(Scraped caption text data)
============

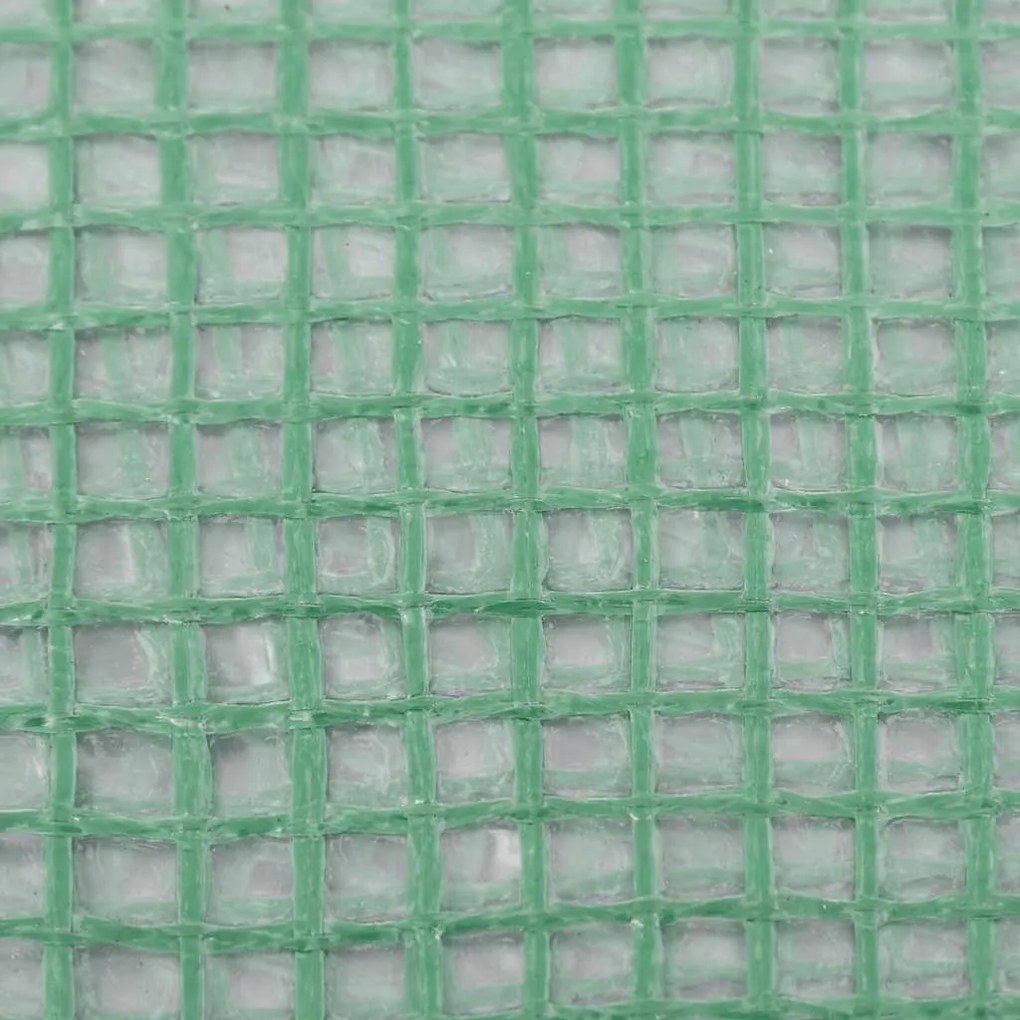 Cobertura de substituição p/ estufas 4,5 m² 300x150x200cm verde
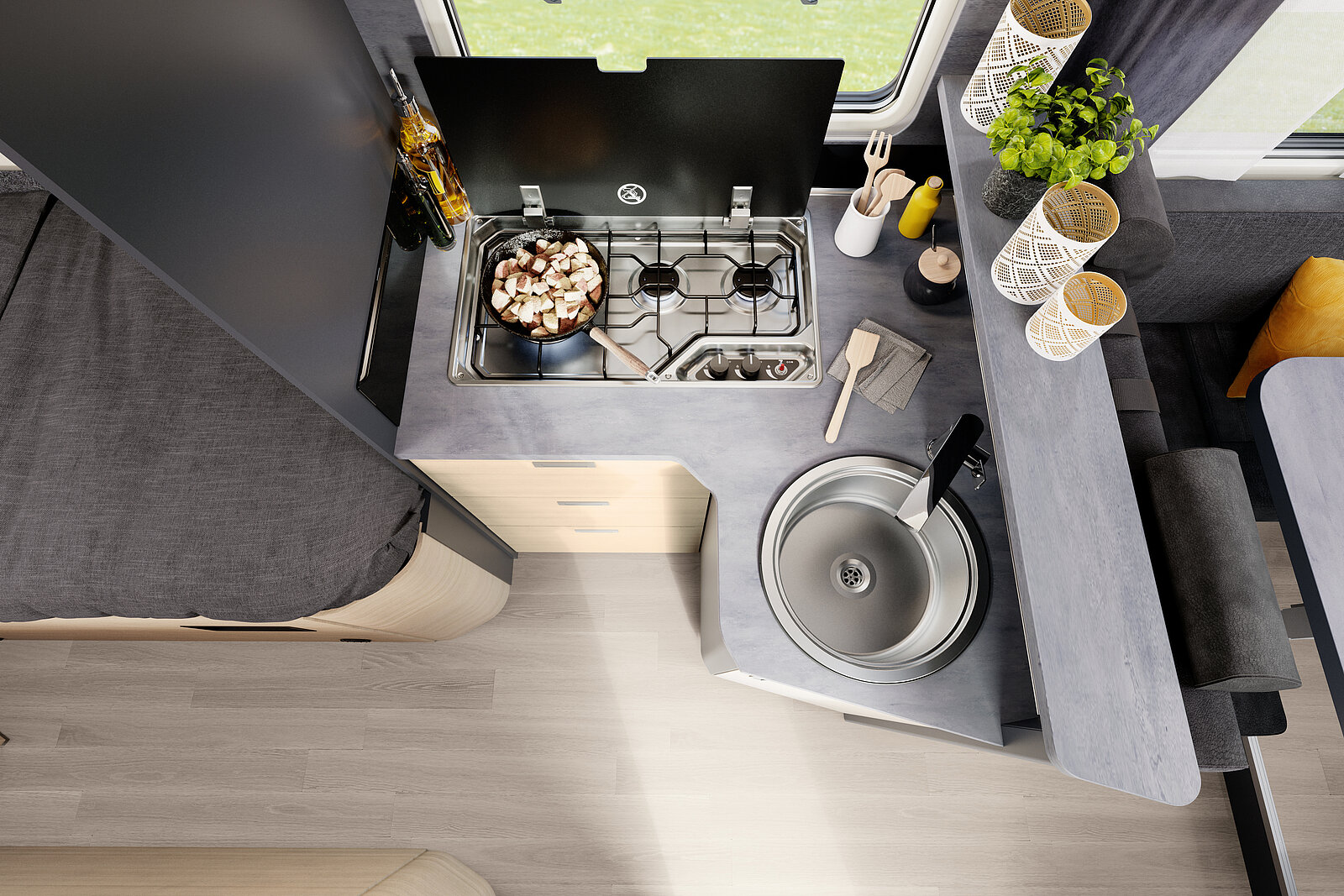 Hobby MAXIA T 740 WE interior image
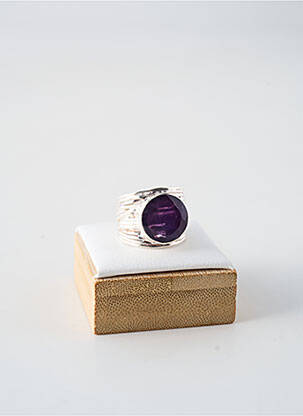 Bague ornement pierre violet CANYON femme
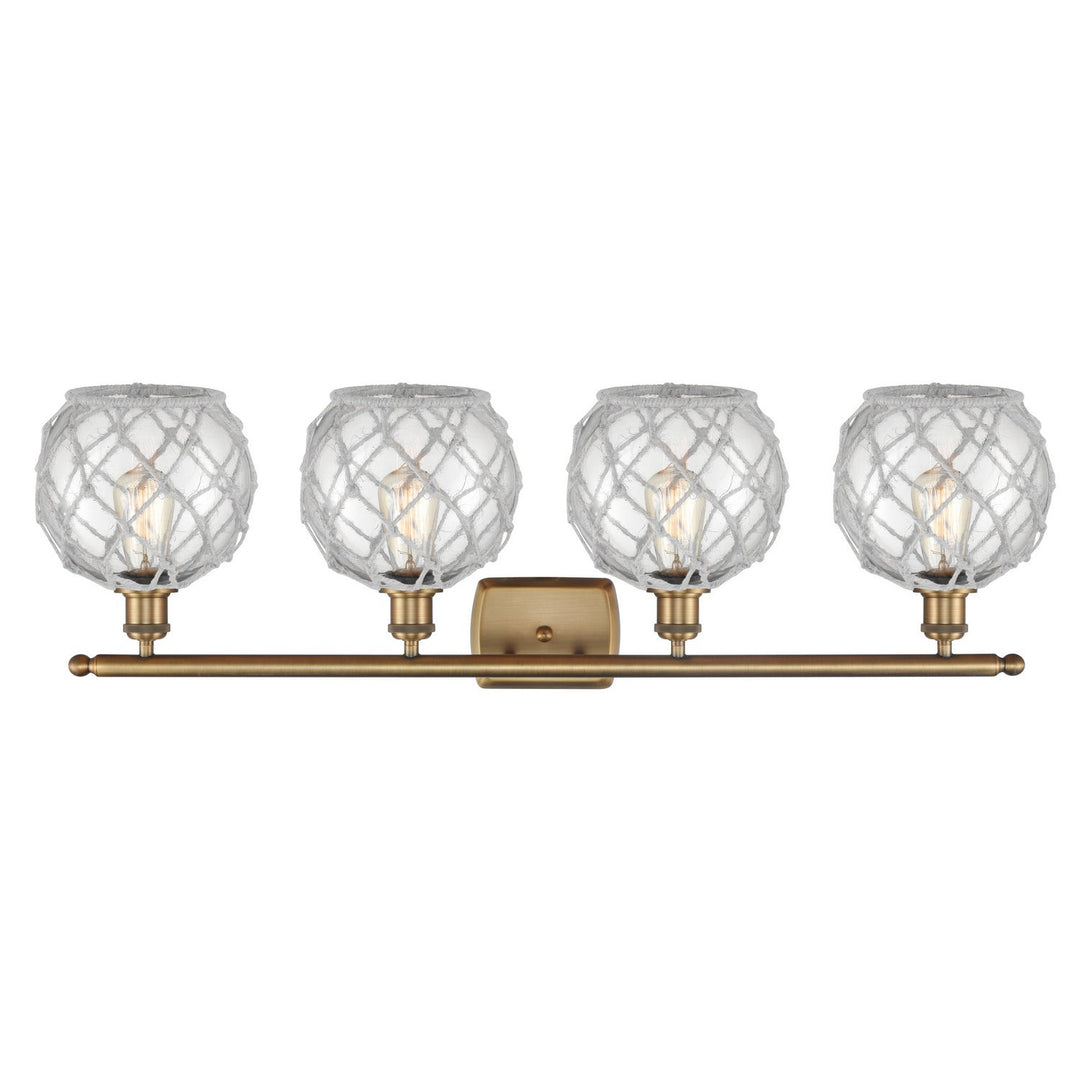 Innovations Ballston 516-4W-BB-G122-8RW-LED Bath Vanity Light 36 in. wide - Brushed Brass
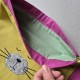 Fabric Bag Whiskers Cat Mustard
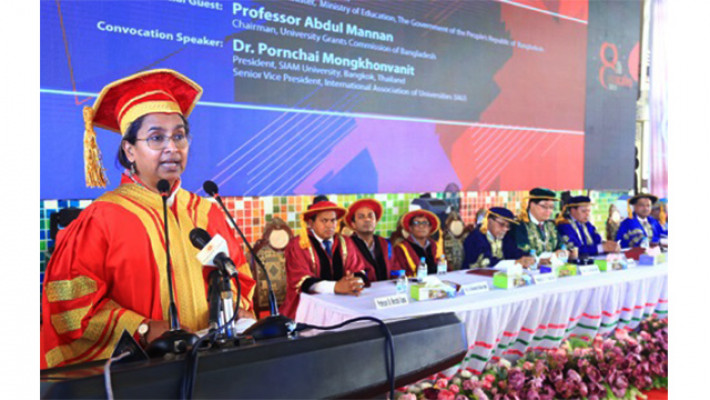 জমকালো আয়োজনে ড্যাফোডিল ইউনিভার্সিটির ৮ম সমাবর্তন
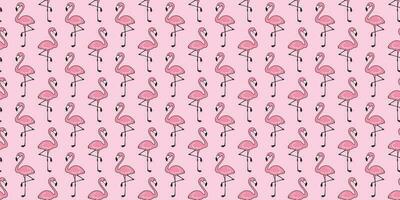 Flamingo seamless pattern vector pink Flamingos exotic bird summer tropical scarf isolated tile background repeat wallpaper cartoon illustration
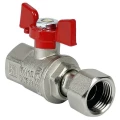 Изображение товара Кран шаровой VALFEX Premium VF.241.NB1 1/2″ Ду15 Ру63 полнопроходной, двухходовой, латунь ЛС59-1, уплотнение - PTFE, внутренняя резьба / накидная гайка, ручка-бабочка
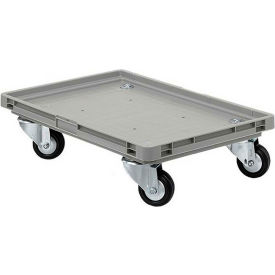 Mobile Base for Polypropylene Industrial Containers RO461 - 24"L x 15"W x 5"H - Gray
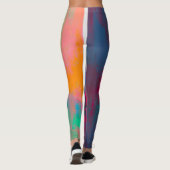 Weichfarbe Leggings (Rückseite)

============

» ABOUT THIS EXERCISE
Give the data above back unchanged, except for the pictures.

» FINISHED EXERCISE
 Cobertura de substituição p/ estufas 4,5 m² 300x150x200cm verde
 Hobby MAXIA T 740 WE interior image
 Bague ornement pierre violet CANYON femme
 Innovations Ballston 516-4W-BB-G122-8RW-LED Bath Vanity Light 36 in. wide - Brushed Brass
 Fabric Bag Whiskers Cat Mustard
 জমকালো আয়োজনে ড্যাফোডিল ইউনিভার্সিটির ৮ম সমাবর্তন
 Flamingo seamless pattern vector pink Flamingos exotic bird summer tropical scarf isolated tile background repeat wallpaper cartoon illustration
 Изображение товара Кран шаровой VALFEX Premium VF.241.NB1 1/2″ Ду15 Ру63 полнопроходной, двухходовой, латунь ЛС59-1, уплотнение - PTFE, внутренняя резьба / накидная гайка, ручка-бабочка
 Mobile Base for Polypropylene Industrial Containers RO461 - 24"L x 15"W x 5"H - Gray
 Weichfarbe Leggings (Rückseite)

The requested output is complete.